* Material provided *
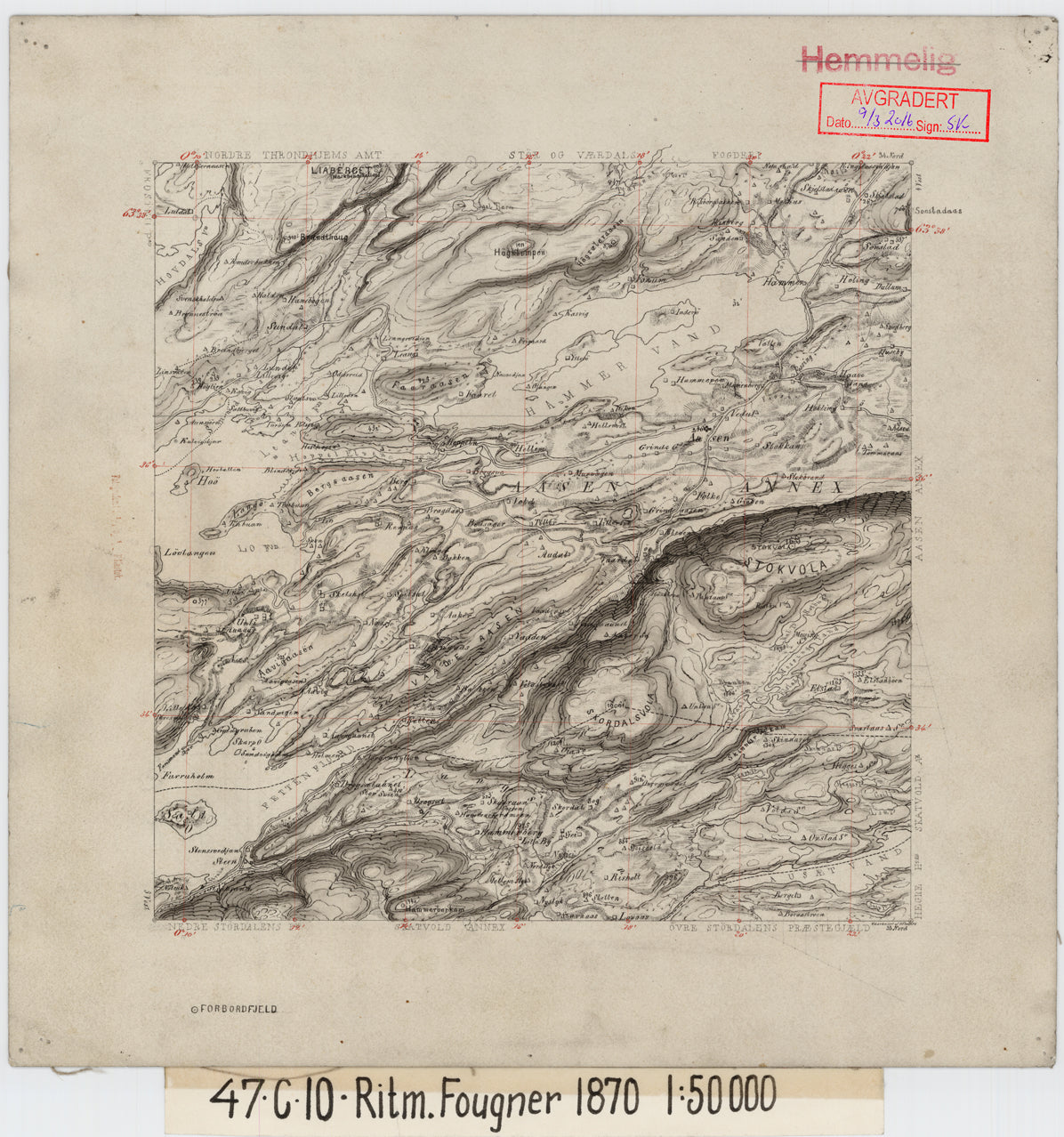 47C 10: Nord-Trøndelag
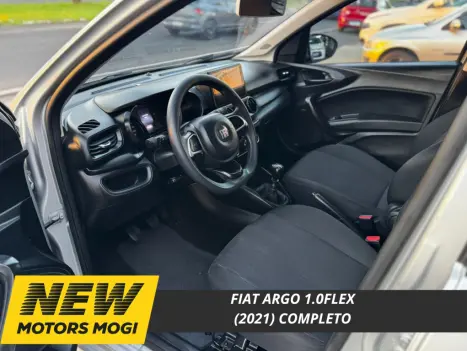 FIAT Argo 1.0 4P FLEX FIREFLY, Foto 7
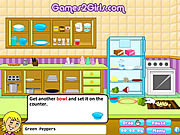 Play Kiddie kitchen 4 Game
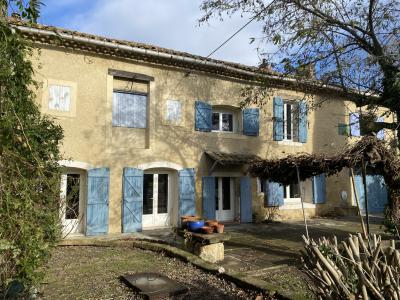 Vente Maison CADEROUSSE  84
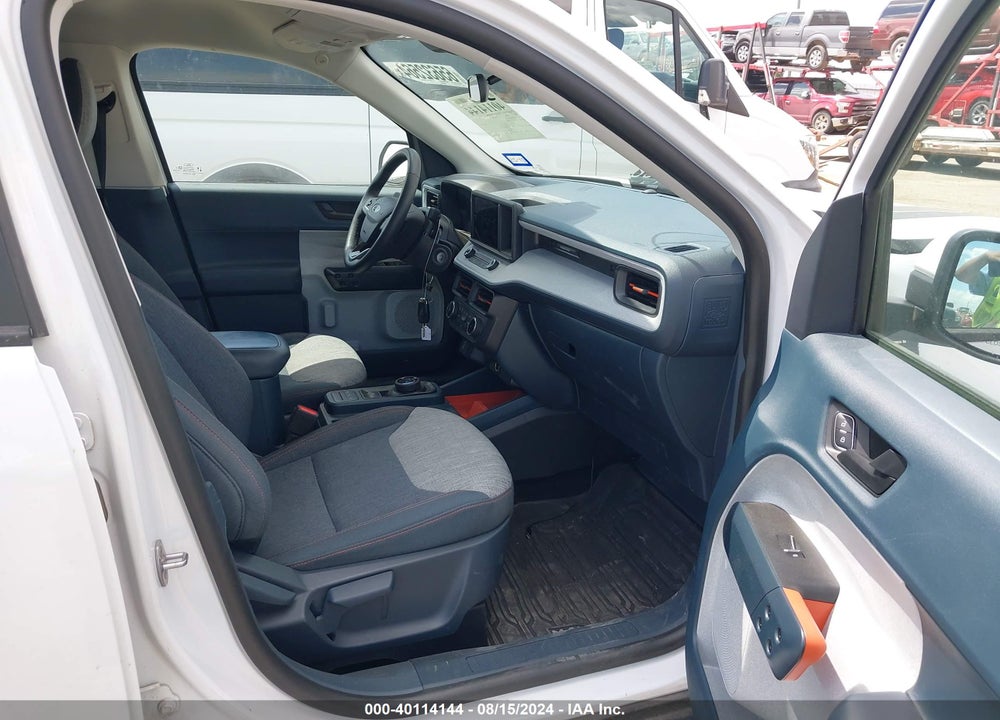 2023 FORD MAVERICK XLT VIN: 3FTTW8E31PRA03187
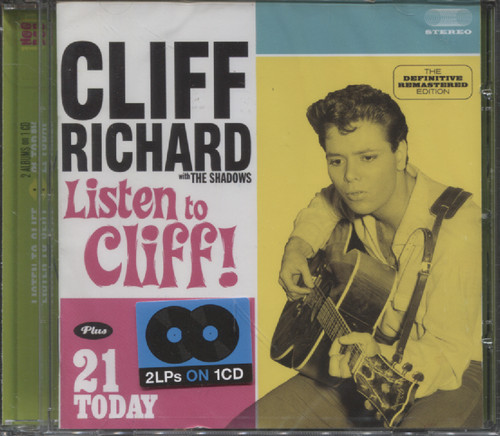 LISTEN TO CLIFF/ 21 TODAY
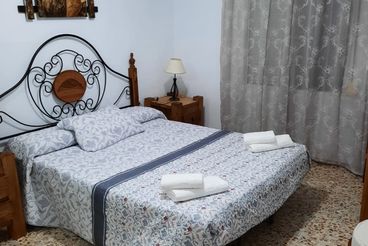 Villa Malaga Andalousie pour 6 personnes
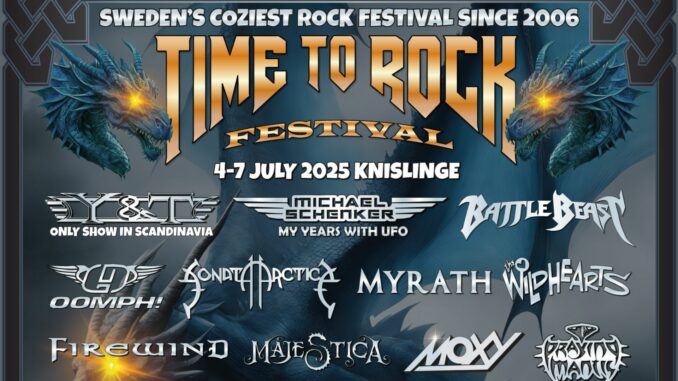 Time To Rock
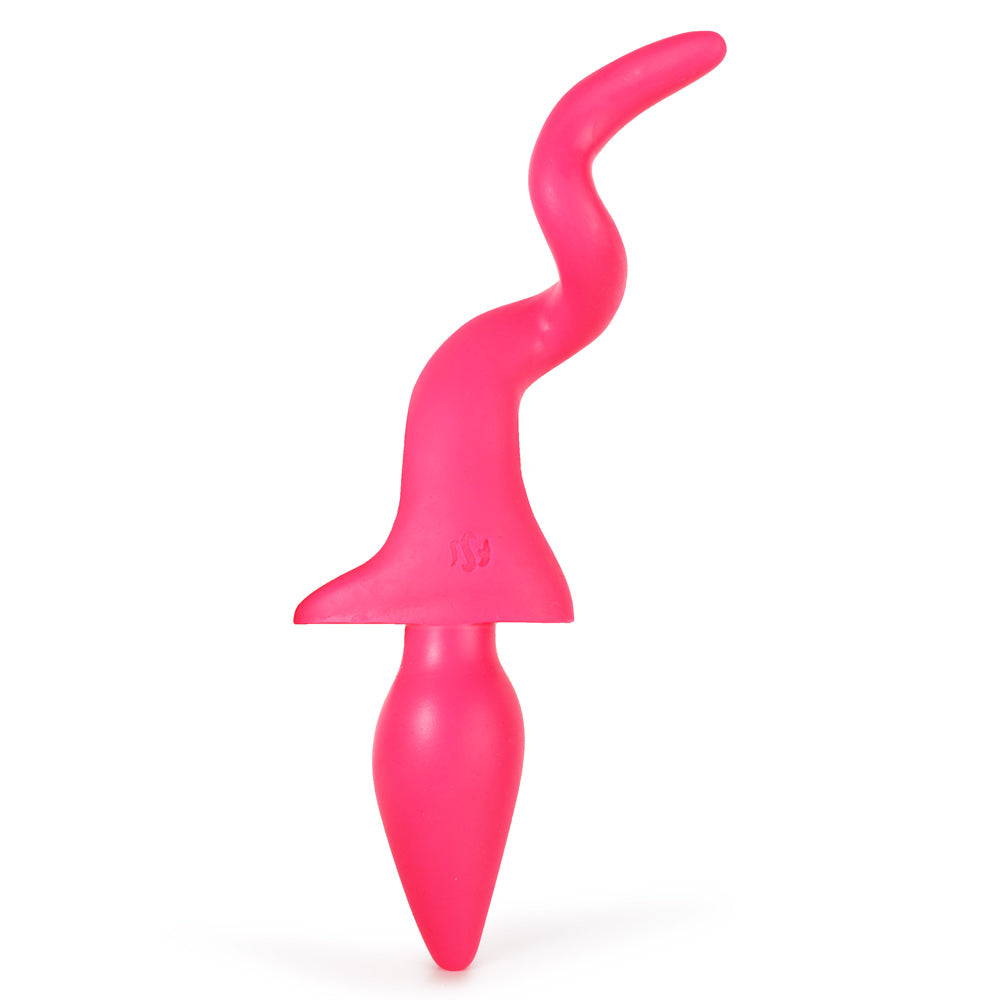 Squeal Butt Plug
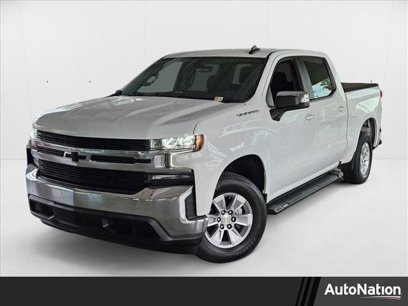 Used 2020 Chevrolet Silverado 1500 LT w/ All-Star Edition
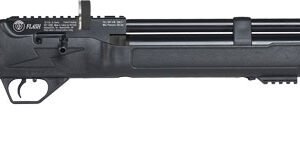 HATSAN FLASH QE .177 PCP 1150 - FPS BLACK/SYNTH W/2 MAGS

* Task directions *
Please reproduce only the lines from the one holding "LISTEN TO CLIFF/ 21 TODAY" through the final line of the listing above, both included, with each picture left out.

* Exercise solution *
 LISTEN TO CLIFF/ 21 TODAY
 Villa Malaga Andalousie pour 6 personnes
 Time To Rock
 Squeal Butt Plug
 Used 2020 Chevrolet Silverado 1500 LT w/ All-Star Edition
 HATSAN FLASH QE .177 PCP 1150 - FPS BLACK/SYNTH W/2 MAGS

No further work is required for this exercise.